2) long version: In any database-driven projects where I had the "conceptual control" of things, I avoided AR, and it was good. I usually build a layered architecture (you sooner or later do divide your software in layers, at least in medium- to large-sized projects):
A1) the database itself, tables, relations, even some logic if the DBMS allows it (MySQL is also grown-up now)
A2) very often, there is more than a data store: file system (blobs in database are not always a good decision...), legacy systems (imagine yourself "how" they will be accessed, many varieties possible.. but thats not the point...)
B) database access layer (at this level, tool methods, helpers to easily access the data in the database are very welcome, but AR does not provide any value here, except some syntactic sugar)

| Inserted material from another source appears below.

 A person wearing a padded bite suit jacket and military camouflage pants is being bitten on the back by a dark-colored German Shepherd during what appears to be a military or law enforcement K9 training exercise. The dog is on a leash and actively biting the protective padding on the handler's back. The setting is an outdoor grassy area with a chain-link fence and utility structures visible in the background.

C) application objects layer: "application objects" sometimes are simple rows of a table in the database, but most times they are compound objects anyway, and have some higher logic attached, so investing time in AR objects at this level is just plainly useless, a waste of precious coders time, because the "real value", the "higher logic" of those objects needs to be implemented on top of the AR objects, anyway - with and without AR! And, for example, why would you want to have an abstraction of "Log entry objects"? App logic code writes them, but should that have the ability to update or delete them? sounds silly, and App::Log("I am a log message")
is some magnitudes easier to use than le=new LogEntry(); le.time=now(); le.text="I am a log message"; le.Insert();
. And for example: using a "Log entry object" in the log view in your application will work for 100, 1000 or even 10000 log lines, but sooner or later you will have to optimize - and I bet in most cases, you will just use that small beautiful SQL SELECT statement in your app logic (which totally breaks the AR idea..), instead of wrapping that small statement in rigid fixed AR idea frames with lots of code wrapping and hiding it. The time you wasted with writing and/or building AR code could have been invested in a much more clever interface for reading lists of log-entries (many, many ways, the sky is the limit). Coders should dare to invent new abstractions to realize their application logic that fit the intended application, and not stupidly re-implement silly patterns, that sound good on first sight!
D) the application logic - implements the logic of interacting objects and creating, deleting and listing(!) of application logic objects (NO, those tasks should rarely be anchored in the application logic objects itself: does the sheet of paper on your desk tell you the names and locations of all other sheets in your office? forget "static" methods for listing objects, thats silly, a bad compromise created to make the human way of thinking fit into [some-not-all-AR-framework-like-]AR thinking)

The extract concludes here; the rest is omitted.